1. Set your Instant Pot to Saute mode, High. Add oil.
2. Add the flour and begin to whisk. Whisk continuously until the mixture turns golden and has a nutty smell.
3. Pour in the chicken stock while whisking. Continue to whisk continuously until the stock becomes hot.
4. Press cancel to turn off the Instant Pot. Add in all remaining ingredients in any order.
5. Stir to combine. Then using the back of your spoon, run over the top to smooth everything down under the liquid level.
6. Close and lock the Instant Pot lid. Turn the vent from “venting” to “sealing.” Set the Instant Pot to Soup, Normal, 30 minutes. Now the Pot will take over! It will take a few minutes first to pressurize, then it will cook for 30 minutes. When done, it will let off a series of beeps.
7. At this point, you can turn the vent knob from “sealing” to “venting.” Do this carefully!! Steam will immediately start shooting out the top. Do not have your hand (or face or anything) over the knob! When the pressure is fully released, the red pressure indicator will drop down.

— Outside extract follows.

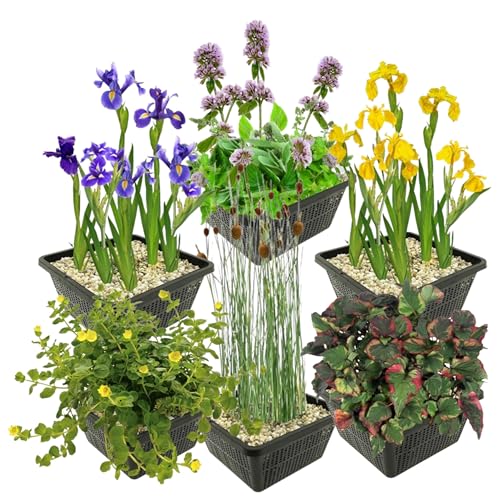 Vdvelde.com Sumpfpflanzen Set L 24 Pflanzen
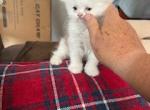 Mollys Babies - Scottish Fold Kitten For Sale -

8. Once the indicator is dropped, you can turn unlock the lid and open the pot. Stir and serve! The Instant Pot will hold the food on keep warm mode automatically. Just turn it off when you are done eating. If you cannot be around when the Pot is ready, it’s ok to let the pressure release naturally. Just be sure that the red indicator is down before opening the lid.